A pub owner has been fined £8,000 because someone unlawfully downloaded copyrighted material over their open Wi-Fi hotspot, according to the managing director of hotspot provider The Cloud.
Graham Cove told ZDNet UK on Friday he believes the case to be the first of its kind in the UK. However, he would not identify the pub concerned, because its owner — a pubco that is a client of
The Cloud's — had not yet given their permission for the case to be publicised.
Cove would say only that the fine had been levied in a civil case, brought about by a rights holder, "sometime this summer". The Cloud's pubco clients include Fullers, Greene King, Marsdens, Scottish & Newcastle, Mitchell & Butlers and Punch Taverns.
The law surrounding open Wi-Fi networks and the liability of those running them is a grey area.
According to internet law professor Lilian Edwards, of Sheffield Law School, where a business operates an open Wi-Fi spot to give customers or visitors internet access, they would be "not be responsible in theory" for users' unlawful downloads, under "existing substantive copyright law".
She also said the measures that would be
brought in under the Digital Economy Bill — measures that could include disconnection of the account holder — would not apply because the business could be classified as a public communications service provider, which would make it exempt. According to the terms of the bill, only "subscribers" can be targeted with sanctions.
According to legal advice sent to The Cloud by the law firm Faegre & Benson on 17 August, "Wi-Fi hotspots in public and enterprise environments providing access to the internet to members of the public, free or paid, are public communications services".
A public communications service provider must, under the terms of the Data Retention Regulations that
came into force in the UK in April of this year, retain records for 12 months on communications that have taken place over their network.

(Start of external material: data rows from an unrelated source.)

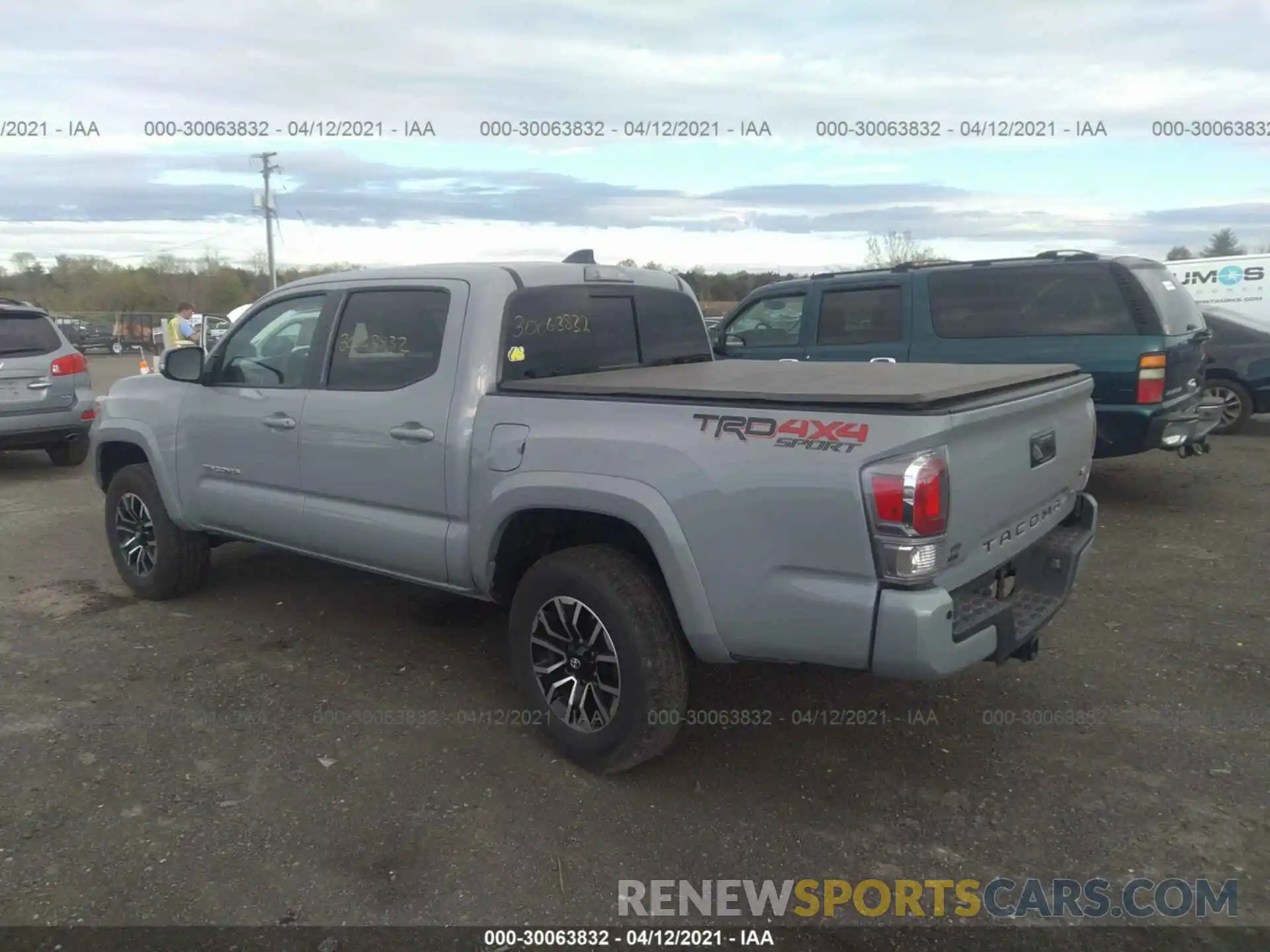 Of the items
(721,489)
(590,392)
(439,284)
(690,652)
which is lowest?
(690,652)

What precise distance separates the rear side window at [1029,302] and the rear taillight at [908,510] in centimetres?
509

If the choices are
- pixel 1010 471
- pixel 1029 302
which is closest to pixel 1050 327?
pixel 1029 302

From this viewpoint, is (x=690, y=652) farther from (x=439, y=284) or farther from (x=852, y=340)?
(x=852, y=340)

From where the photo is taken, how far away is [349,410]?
424 centimetres

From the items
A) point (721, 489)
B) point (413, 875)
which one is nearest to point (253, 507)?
point (413, 875)

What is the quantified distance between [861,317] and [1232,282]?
8.52 metres

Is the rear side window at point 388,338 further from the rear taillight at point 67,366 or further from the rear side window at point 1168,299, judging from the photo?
the rear taillight at point 67,366

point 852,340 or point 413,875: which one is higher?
point 852,340

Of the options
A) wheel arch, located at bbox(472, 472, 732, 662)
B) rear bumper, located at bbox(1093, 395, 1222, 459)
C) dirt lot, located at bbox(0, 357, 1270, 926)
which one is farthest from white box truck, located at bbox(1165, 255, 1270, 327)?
wheel arch, located at bbox(472, 472, 732, 662)

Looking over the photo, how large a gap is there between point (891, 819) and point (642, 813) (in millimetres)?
873

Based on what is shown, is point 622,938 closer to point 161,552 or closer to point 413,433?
point 413,433

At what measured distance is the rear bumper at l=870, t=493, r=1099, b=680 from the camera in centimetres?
279

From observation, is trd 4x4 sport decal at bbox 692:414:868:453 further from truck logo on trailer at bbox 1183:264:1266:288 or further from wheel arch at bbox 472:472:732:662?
truck logo on trailer at bbox 1183:264:1266:288

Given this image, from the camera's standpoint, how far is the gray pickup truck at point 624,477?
2848mm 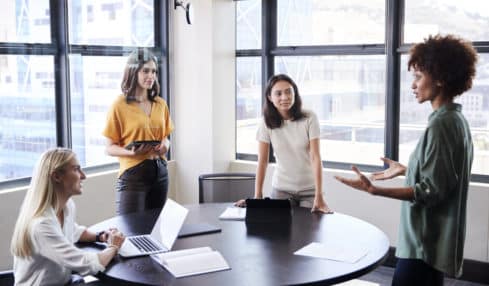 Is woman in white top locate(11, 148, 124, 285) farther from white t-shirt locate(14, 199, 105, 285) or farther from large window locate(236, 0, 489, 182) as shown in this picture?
large window locate(236, 0, 489, 182)

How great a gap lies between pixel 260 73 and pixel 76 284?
127 inches

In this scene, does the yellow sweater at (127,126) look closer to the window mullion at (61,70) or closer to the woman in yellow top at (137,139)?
the woman in yellow top at (137,139)

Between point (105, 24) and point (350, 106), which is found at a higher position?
point (105, 24)

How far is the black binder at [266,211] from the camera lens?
117 inches

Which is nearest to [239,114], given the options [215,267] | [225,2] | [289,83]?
[225,2]

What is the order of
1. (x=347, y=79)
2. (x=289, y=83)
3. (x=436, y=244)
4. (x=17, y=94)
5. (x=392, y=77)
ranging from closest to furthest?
(x=436, y=244) < (x=289, y=83) < (x=17, y=94) < (x=392, y=77) < (x=347, y=79)

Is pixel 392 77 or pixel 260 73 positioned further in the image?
pixel 260 73

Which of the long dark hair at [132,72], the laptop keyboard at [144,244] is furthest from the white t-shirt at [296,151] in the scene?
the laptop keyboard at [144,244]

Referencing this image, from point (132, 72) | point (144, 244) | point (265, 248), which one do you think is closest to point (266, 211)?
point (265, 248)

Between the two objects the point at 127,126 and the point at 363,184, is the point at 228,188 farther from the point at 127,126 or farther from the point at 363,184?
the point at 363,184

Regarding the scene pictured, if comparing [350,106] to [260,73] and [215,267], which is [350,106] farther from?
[215,267]

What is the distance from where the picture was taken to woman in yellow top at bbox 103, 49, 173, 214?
11.8 feet

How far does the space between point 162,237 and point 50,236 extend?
520 millimetres

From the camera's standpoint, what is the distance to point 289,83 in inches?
135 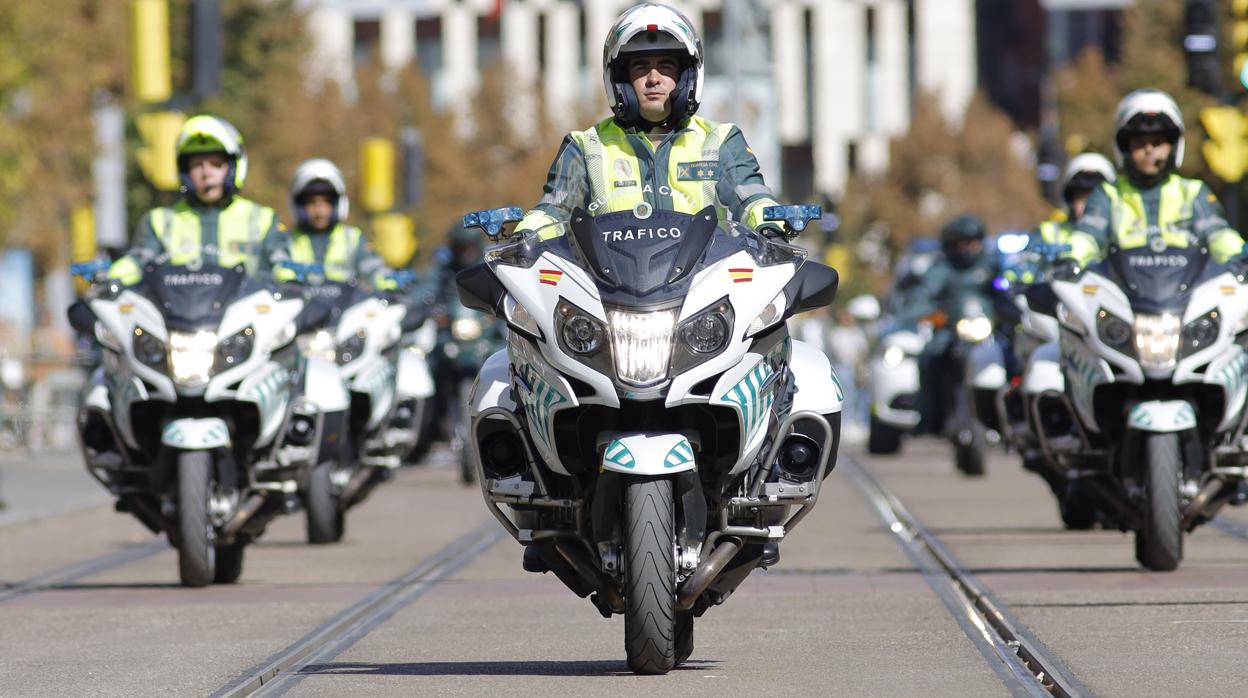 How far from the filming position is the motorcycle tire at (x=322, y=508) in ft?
52.0

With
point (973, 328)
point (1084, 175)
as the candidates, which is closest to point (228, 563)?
point (1084, 175)

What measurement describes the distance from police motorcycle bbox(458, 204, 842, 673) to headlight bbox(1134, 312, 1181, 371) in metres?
3.61

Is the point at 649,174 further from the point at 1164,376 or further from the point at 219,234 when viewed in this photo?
the point at 219,234

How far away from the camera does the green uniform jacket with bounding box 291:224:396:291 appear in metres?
17.8

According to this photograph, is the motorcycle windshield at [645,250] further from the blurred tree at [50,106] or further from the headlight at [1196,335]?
the blurred tree at [50,106]

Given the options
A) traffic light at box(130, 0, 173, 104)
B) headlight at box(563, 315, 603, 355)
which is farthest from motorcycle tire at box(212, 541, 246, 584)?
traffic light at box(130, 0, 173, 104)

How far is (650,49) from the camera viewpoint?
9.48 meters

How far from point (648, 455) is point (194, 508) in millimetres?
4353

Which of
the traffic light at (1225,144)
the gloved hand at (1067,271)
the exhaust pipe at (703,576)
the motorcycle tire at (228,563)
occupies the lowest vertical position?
the motorcycle tire at (228,563)

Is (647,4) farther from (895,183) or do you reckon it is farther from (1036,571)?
(895,183)

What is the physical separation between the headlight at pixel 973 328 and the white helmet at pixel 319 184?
8083mm

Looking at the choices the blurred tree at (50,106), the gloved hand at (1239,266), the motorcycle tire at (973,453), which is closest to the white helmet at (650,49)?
the gloved hand at (1239,266)

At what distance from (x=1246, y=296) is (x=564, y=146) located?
13.7ft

This data includes user IDs, the times and dates of access, and the online destinations that were being accessed. The content of the communications cannot be retained without the user's permission, due to data-protection laws.
However, there is a get-out clause in the Data Retention Regulations, in that no public communications service provider has to keep such records unless they are notified by the government that they are required to do so.
According to Edwards, this is because "only the big six ISPs have the facilities to comply, and because the government agreed [in its legislation] to repay some of the costs [of retaining such records]". She noted that this clause might itself be non-compliant with the EU data-retention laws that were transposed into UK law in April.
Edwards pointed out that, even if the sanctions proposed in the Digital Economy Bill come into force, "no-one will know who [the downloader] was, because the IP address that will show up [upon investigation] will be of the hotspot". She added that the rights holder seeking infringers of their copyright would probably not know that the IP address in question was not that of a subscriber.
It would then be up to the hotspot operator to point out that they were not the end user downloading copyrighted material. "But when would they get to say that? Maybe straightaway, maybe not until after disconnection — it's not currently clear," Edwards said.